Nextbike was a bicycle rental scheme in New Zealand, franchised from the German Nextbike company. It operated in the CBD and central suburbs of Auckland from 2008 to 2010. Due to lack of sufficient advertising revenue, the company ceased operations in that year after failing to win emergency funding from the new Auckland Council. However, it is expected to make a bid for a newly tendered contract by Council to provide a public bike rental scheme, as the bikes of the scheme are still present in storage.

== History ==

As of 2009, the bike fleet had grown from 70 to 170. The company notes that during summer, bikes were being ridden about three hours a day, which was higher than the use rate in some European schemes. To encourage use, registered riders also received 30 minutes free use each day.

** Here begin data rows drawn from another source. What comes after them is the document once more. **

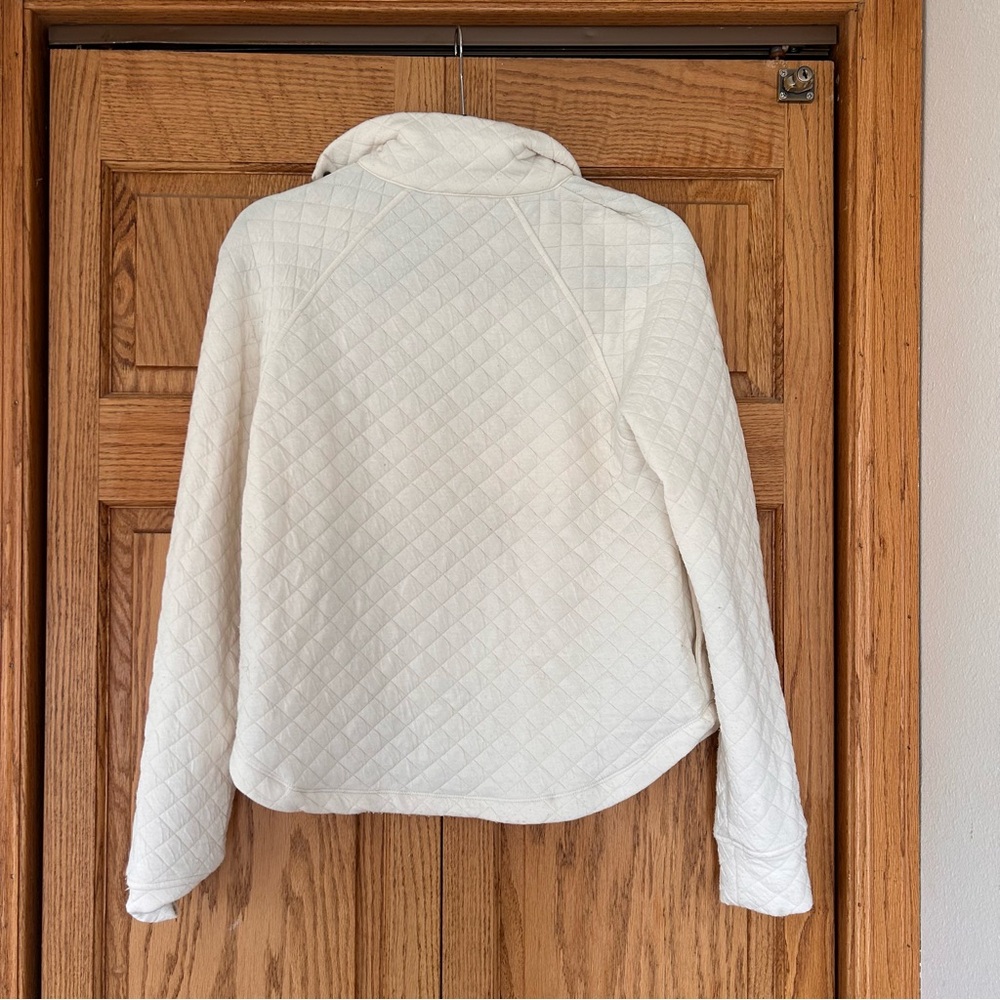 Cable & Gauge Cream Quilted pullover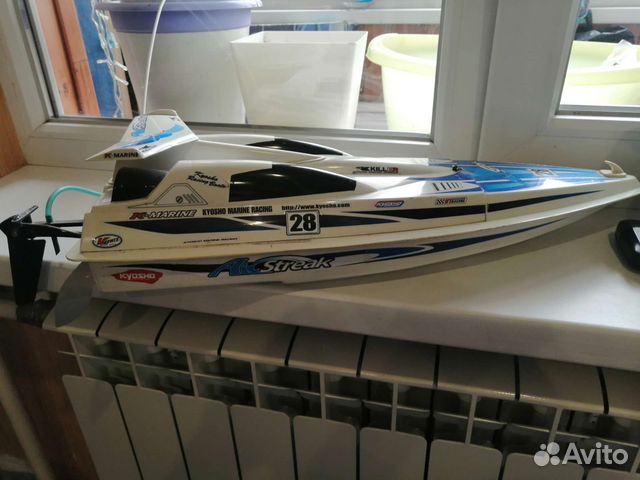 Радиоуправляемый катер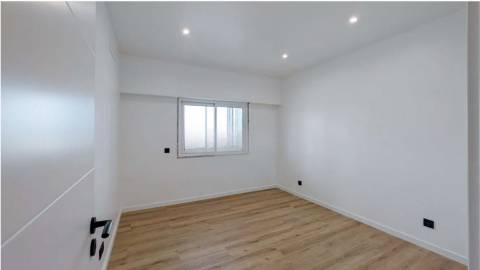 Apartamento T1 Venda em Quarteira,Loulé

Unlike some much larger overseas schemes, the rental system has been implemented privately (financed by a combination of rental fees and advertising on the bikes) though it has recently won official sponsorship from the Auckland Regional Transport Authority. It has also been tipped as a method of travel for visiting tourists at the Rugby World Cup 2011.

Since 2012 there have been a limited amount of bikes available at select locations in Auckland such as Auckland City Hotel and T. White Bikes.

The company was also involved in promoting three potential 'Great Urban Rides' routes in Auckland, aimed at marketing interesting and convenient bicycle tour routes to tourists and locals, in a city which is often considered to be unattractive to cycling.